Surprise came in a lot of ways ... blending of process such as the ceramic collages offered by Sara Post  to the painting on recycled materials offered by South African Fortune Sitole  but my favorite was Kue King who blurred the line between making art and being art.  Kue combines the soft fragility of feathers with hard, twisted metal wire to form whimsical trees that wave in a gentle breeze.  But Kue is himself a work of art, unique and engaging. 

Saturday, September 3, 2011

Questions in an Art Warehouse

Yesterday I visited the Institute of Mosaic Arts which was everything I wanted it to be:  fun, inspiring, friendly.  It's located in a wonderful arty, industrial neighborhood and after filling myself up with mosaic, I walked around the area taking pictures of rusty pipes, old car parts and colorful stuff in dumpsters.  It was glorious.

Then I happened across an open warehouse door and when I looked in, it was stacked floor to ceiling with art.  Huge pieces of art framed in faux leather and gilt, representing many genres ... colorful impressionist landscapes, nudes, abstracts, florals.  Pallets of plastic-wrapped frames waited on the sidewalks.  The past few years have been a challenging time for artists, but here were stacks of paintings waiting to be delivered.  It boggled my mind so I wandered into the warehouse trying to find someone to talk to but it was quiet, no one but me and hundreds, maybe thousands of frames, framed canvases and those waiting to be framed.  I youhooed and finally a woman appeared, cell-phone in hand.  She was friendly, apparently middle eastern from her accent, and, when I asked, she said they sold to businesses, hotels and interior designers.  

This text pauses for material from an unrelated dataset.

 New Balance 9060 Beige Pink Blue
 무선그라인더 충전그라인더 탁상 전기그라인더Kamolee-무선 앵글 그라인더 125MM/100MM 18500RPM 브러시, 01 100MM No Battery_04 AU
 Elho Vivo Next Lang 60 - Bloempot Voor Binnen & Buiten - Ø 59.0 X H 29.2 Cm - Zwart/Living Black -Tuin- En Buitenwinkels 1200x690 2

Her phone rang again before I could ask more so I wandered around for a few more minutes and noticed the "Made in China" signs on most of the boxes.  After I left, that warehouse haunted me as I thought of the thousands of artists toiling away in their studios, unsold canvases stacking up, while this warehouse delivers cheap art into the waiting arms of hotels and businesses who want the impression of art on their walls.  Then I also thought of the thousands of people in China working most likely in sweat-shop conditions making "art" on an assembly line.

The topic of "what is art?" is a popular one and this experience made me wonder about it once again.   The company name on this warehouse was Garber Corp with a tagline of "Fine Art & Accessories," apparently claiming the designation of "art" for their product.   It also made me  wonder about our values.  It's easy to be irritated at the businesses across the country that are buying cheap art instead of supporting their local artists.  But that made me remember a walk through WalMart where I saw an aisle rack of sparkly $5 shoes.  

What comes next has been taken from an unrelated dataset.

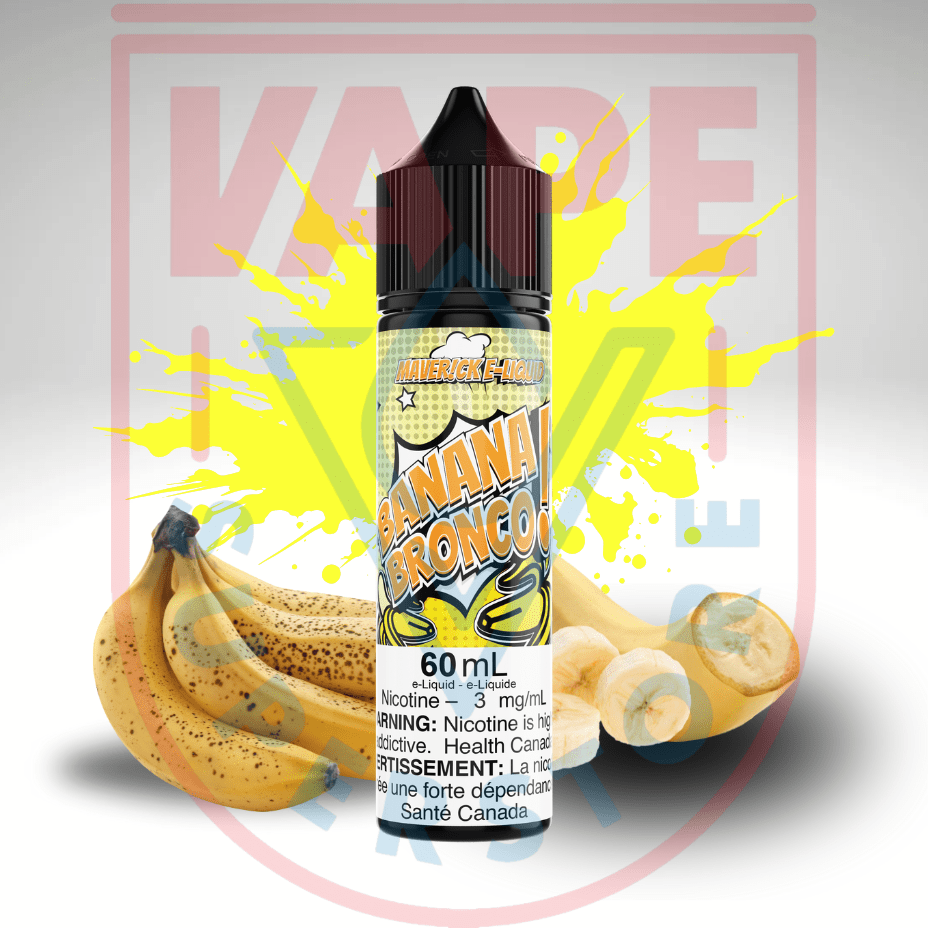 Banana Bronco by Maverick E-Liquid Steinbach Vape SuperStore and Bong Shop Manitoba Canada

Do we really need fake art and throw-away shoes?  What happens to us when we fill our lives with cheap knock-offs?

Thursday, September 1, 2011

The Alchemy of Art

It's so fine and yet so terrible to stand in front of a blank canvas.
-- Paul Cezanne 

I've been thinking recently about the blank canvas, the blank page, the untouched lump of clay.  In a roundabout way it reminds me of Rene Magritte's "N'est pas une pipe."  It would be easy to look at all the different permutations of a blank canvas and say ...

this is not a painting,
this is not a novel,
this is not a song,
this is not a sculpture,
this is not a building,

This is nothing.  

Yet it is the beginning of everything.  Everything forms and comes forth through this stark nothingness, this blank slate of pure potential.  There is a moment of alchemy when that open field of possibility connects with the dark matter within us ... the thoughts, feelings, insights, knowingness that we may not even aware of ... and suddenly becomes something.  Whether or not that something is useful or worthwhile is beside the point, that instant of connection is pure gold.

The lovely part of all of this is that it is given to each one of us.  We all have our blank canvas.  Every day is a clean slate waiting for what we will make of it.  Every moment a potential connection between potential and something new.  What a gift!